Since the proposed ACSDM algorithm is inspired by the discriminative model, several experiments were conducted to illustrate the difference. The penalty factor, adaptive component selection, and SANMS were separately added to the discriminative model to generate three comparative schemes. Considering that listing the results of ten testing images occupies a large area, for the three different methods above, another two experimental images are listed for analysis.

#### 4.3.1. Experiment Settings

In this paper, the whole SAR imagery was divided into 120 figures, where 10 of them were used for testing images and 110 pictures served as training images. As a supervised learning method, two components (the head and the tail) in the training set of SANMS need labeling. Each positive sample was labeled with a global bounding box and two component bounding boxes (as shown in Figure 7), while some highlighted areas of non-target region were defined as “other” type to extract negative samples for training.

#### 4.3.2. Experimental Results

The comparative results are presented in Figure 8; it is clear that the three improved schemes do improve the detection performance. There are five aircrafts in testing region 1, but Figure 8(1.a) shows that the discriminative model could detect only three aircrafts, and the size of the two detected components in the image is a fixed value: 6 × 6, which does not match the size of the actual head or tail. Figure 8(1.b) shows the result of the discriminative model with adaptive component selected, in which the detected component size matches its actual size. In Figure 8(1.c), the discriminative model introduces the penalty factor into the score formula. With information loss in preprocessing compensated, the number of detected targets increased to five. Given that the redundant detection boxes do not appear, the results of the discriminative model with SANMS added are not presented. The detection results of the ACSDM method are displayed in Figure 8(1.d). Comparing with the detection in Figure 8(1.a), there are improvements both in the detection precision and the matching degree of component size.

In testing region 2, enhancement brought by adaptive component size selection is still very obvious—contrast in Figure 8(2.a) and Figure 8(2.b) is very clear. However, the penalty factor does not show any effect; Figure 8(2.a) and Figure 8(2.c) are almost the same—all 15 aircrafts were detected by the discriminative model. However, in the detection of Figure 8(2.a), two planes were detected with duplicate bounding boxes (the first in the first column and another in the third column). In response to this problem, the SANMS method was utilized to filter out the redundant boxes. Through the ACSDM algorithm, each aircraft was detected with a global bounding box (red) and two component bounding boxes (blue), as shown in Figure 8(2.d), which proves the validity of the SANMS method.

It is worth noting that the statistical indexes of the above methods are calculated and displayed in the conclusion, although the data are not listed. With adaptive component selection, the detected component size fits the actual target more closely. Meanwhile, the introduced penalty factor improves the detection precision, and the SANMS method reduces the false alarm rate effectively.

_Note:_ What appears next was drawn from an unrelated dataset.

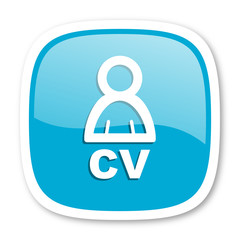 cv blue glossy web icon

#### 4.4. The ACSDM Method

#### 4.4.1. Experiment Settings

In Section 4.3, partial experimental results about the ACSDM method were demonstrated. In this section, detailed results and analysis are presented for comparison. The testing data adopted was the same as that in the previous section, with 10 images for testing and the rest for training. There were still two components in the aeroplane: the head and the tail. It should be noted that the number of components was determined by experience and actual situation. Since the aircraft in the SAR imagery are rather small, it would be difficult to separate the target into many components. Otherwise, the size for each component would be too small for feature extraction. Taking these factors into consideration, an aircraft consisting of two components is appropriate. Additionally, the way of labelling both positive and negative samples was the same as that in Section 4.3, and the maximum number of iterations was set to 10,000. When the model training finished, the obtained threshold was used for testing, although it was a rough value at that time. Then, the threshold was adjusted through the testing of another few images. Finally, the optimal threshold was selected for the following detection. In that case, the threshold had less influence on the detection results, assuring that the performance of the different algorithms can be fairly compared.

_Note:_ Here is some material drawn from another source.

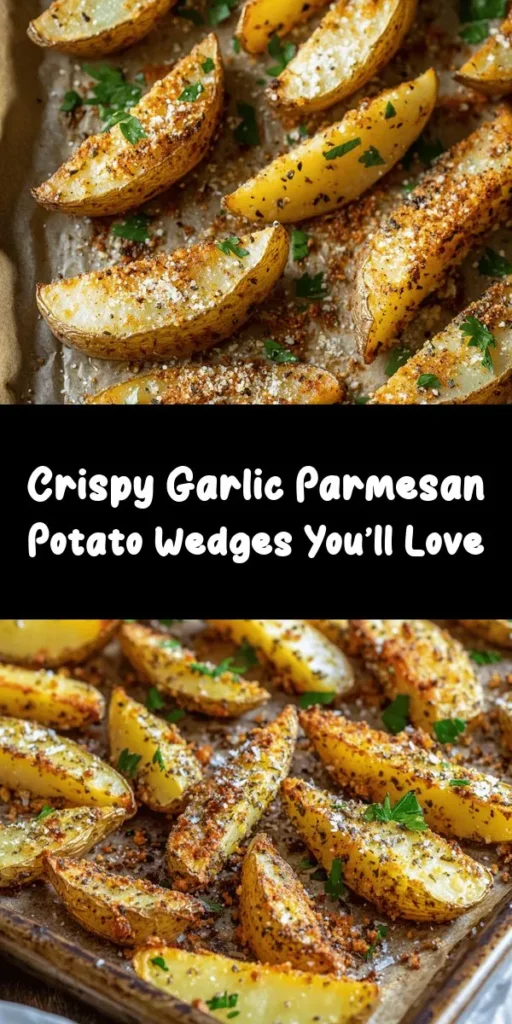 Discover the deliciousness of Crispy Baked Garlic Parmesan Potato Wedges! This easy recipe combines the crunch of baked potatoes with the rich flavors of garlic and Parmesan, making it a perfect side dish or appetizer. Healthy, flavorful, and versatile, these wedges are sure to impress your family and friends. Elevate your meals with this gourmet treat that’s simple to prepare. Try it out and savor the taste! #PotatoWedges #GarlicParmesan #HealthyEating #ComfortFood #BakingRecipes #EasyRecipes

#### 4.4.2. Experimental Results

The detection results of the ACSDM method are shown in Table 3, and the statistical data are shown in Table 4. It was calculated that the detection precision P = 96.4%; the false alarm rate ${P}_{fa}$ = 3.6%, and the recall rate R = 91.5%.

As can be seen from Table 3, the targets were accurately detected and the components were located in their actual positions. Meanwhile, the case that an aircraft is detected as several targets did not occur, indicating the effectiveness of component information in coping with the sparsity in SAR imagery. However, there were still airplanes which were not detected, and some objects were wrongly detected as airplanes. Compared with the performance of the CFAR-based method, the missing detection number in that of the ACSDM method was quite similar, but the wrongly detected number in the proposed method was largely reduced.

#### 4.5. Analysis

The measurement indexes of the detection results in different methods are shown in Figure 9. In the ten testing images, the recall-precision curves of the CFAR-based method and the presented ACSDM approach are displayed (shown in Figure 9a). Indeed, there are ten points in each curve, but some points have the same precision and recall rate. From the presented curves, it is clear that the average precision is higher in the ACSDM model, in which the recall rate is a bit lower.

In the testing results of the CFAR-based method, a large number of false alarms occurred due to the sparsity in the SAR imagery. The strong scattering points of the airplane were segmented to small patches, increasing the error detection rate. The case where several aeroplanes were detected as one target also appeared, resulting in missing detection. The reason is that the airplanes in the image are highly concentrated, and the scattering points belonging to adjacent aircrafts are difficult to identify. There are 40 error-checks in 10 testing images, which indicates that the CFAR-based method is not effective in dealing with aircraft detection in SAR imagery. As for the discriminative model, its detection precision decreased to 87.6%, and the false alarm rate dropped to 12.4%. Even though the results were better, there were many duplicate detection boxes because Non-Maximum Suppression in this approach was insufficient. In response to this, a discriminant model combined with the SANMS method was employed for experiments, achieving performance with a detection rate of 95.9% and false alarm rate of 4.1%, which proves the validity of the SANMS method for filtering duplicate boxes.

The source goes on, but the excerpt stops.